----- WORKING DATA -----

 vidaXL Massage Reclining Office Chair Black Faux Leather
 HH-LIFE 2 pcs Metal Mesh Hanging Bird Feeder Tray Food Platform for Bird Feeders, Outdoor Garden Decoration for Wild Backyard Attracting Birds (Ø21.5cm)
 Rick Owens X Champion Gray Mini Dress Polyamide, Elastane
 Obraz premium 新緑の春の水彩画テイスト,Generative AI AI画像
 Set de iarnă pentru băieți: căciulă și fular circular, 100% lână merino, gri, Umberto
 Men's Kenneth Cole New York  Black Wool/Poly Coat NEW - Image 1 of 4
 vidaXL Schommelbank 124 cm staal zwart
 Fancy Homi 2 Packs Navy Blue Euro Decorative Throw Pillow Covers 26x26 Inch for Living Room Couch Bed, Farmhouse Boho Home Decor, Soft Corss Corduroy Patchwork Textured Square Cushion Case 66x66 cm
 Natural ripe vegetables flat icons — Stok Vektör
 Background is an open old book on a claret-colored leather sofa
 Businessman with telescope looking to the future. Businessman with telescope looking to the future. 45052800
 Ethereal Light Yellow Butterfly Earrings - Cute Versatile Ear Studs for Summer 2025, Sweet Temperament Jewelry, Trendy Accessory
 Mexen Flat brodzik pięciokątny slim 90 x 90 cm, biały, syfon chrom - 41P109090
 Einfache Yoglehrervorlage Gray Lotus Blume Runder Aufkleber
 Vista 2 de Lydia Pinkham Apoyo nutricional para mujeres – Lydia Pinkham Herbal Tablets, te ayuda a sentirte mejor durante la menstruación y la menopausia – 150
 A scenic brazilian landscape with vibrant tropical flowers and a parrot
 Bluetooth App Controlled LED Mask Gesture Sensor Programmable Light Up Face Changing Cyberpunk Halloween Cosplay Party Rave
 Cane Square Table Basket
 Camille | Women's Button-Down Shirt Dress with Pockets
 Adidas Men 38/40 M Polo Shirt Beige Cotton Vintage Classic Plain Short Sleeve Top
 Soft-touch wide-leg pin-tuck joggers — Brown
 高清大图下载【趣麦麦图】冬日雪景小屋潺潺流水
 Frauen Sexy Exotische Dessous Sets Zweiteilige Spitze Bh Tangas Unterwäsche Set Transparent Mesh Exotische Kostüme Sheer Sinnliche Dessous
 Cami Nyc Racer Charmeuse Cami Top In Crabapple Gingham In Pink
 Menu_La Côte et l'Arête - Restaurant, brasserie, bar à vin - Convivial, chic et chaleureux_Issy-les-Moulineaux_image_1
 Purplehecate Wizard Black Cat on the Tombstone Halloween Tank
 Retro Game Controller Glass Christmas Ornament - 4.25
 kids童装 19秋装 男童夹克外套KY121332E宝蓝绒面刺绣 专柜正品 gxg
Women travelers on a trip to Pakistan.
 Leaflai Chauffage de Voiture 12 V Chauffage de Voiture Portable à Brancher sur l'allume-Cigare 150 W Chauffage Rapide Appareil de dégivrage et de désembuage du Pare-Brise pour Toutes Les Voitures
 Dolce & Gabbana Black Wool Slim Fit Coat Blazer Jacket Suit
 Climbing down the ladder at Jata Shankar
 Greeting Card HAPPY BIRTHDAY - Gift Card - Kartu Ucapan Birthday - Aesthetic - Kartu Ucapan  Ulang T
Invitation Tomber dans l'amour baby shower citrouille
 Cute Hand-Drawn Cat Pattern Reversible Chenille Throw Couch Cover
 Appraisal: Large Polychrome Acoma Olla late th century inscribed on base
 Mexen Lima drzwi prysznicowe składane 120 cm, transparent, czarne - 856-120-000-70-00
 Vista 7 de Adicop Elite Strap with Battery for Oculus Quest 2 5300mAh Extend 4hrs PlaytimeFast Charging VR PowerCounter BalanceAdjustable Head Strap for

-----

* [WHAT NEEDS TO BE DONE]: In the entries above, find the line holding "Ethereal Light Yellow" and the line holding "Bluetooth App Controlled"; print both of them and every line between, exactly, and nothing else.

* [SOLUTION FOR THIS PROBLEM]:
 Ethereal Light Yellow Butterfly Earrings - Cute Versatile Ear Studs for Summer 2025, Sweet Temperament Jewelry, Trendy Accessory
 Mexen Flat brodzik pięciokątny slim 90 x 90 cm, biały, syfon chrom - 41P109090
 Einfache Yoglehrervorlage Gray Lotus Blume Runder Aufkleber
 Vista 2 de Lydia Pinkham Apoyo nutricional para mujeres – Lydia Pinkham Herbal Tablets, te ayuda a sentirte mejor durante la menstruación y la menopausia – 150
 A scenic brazilian landscape with vibrant tropical flowers and a parrot
 Bluetooth App Controlled LED Mask Gesture Sensor Programmable Light Up Face Changing Cyberpunk Halloween Cosplay Party Rave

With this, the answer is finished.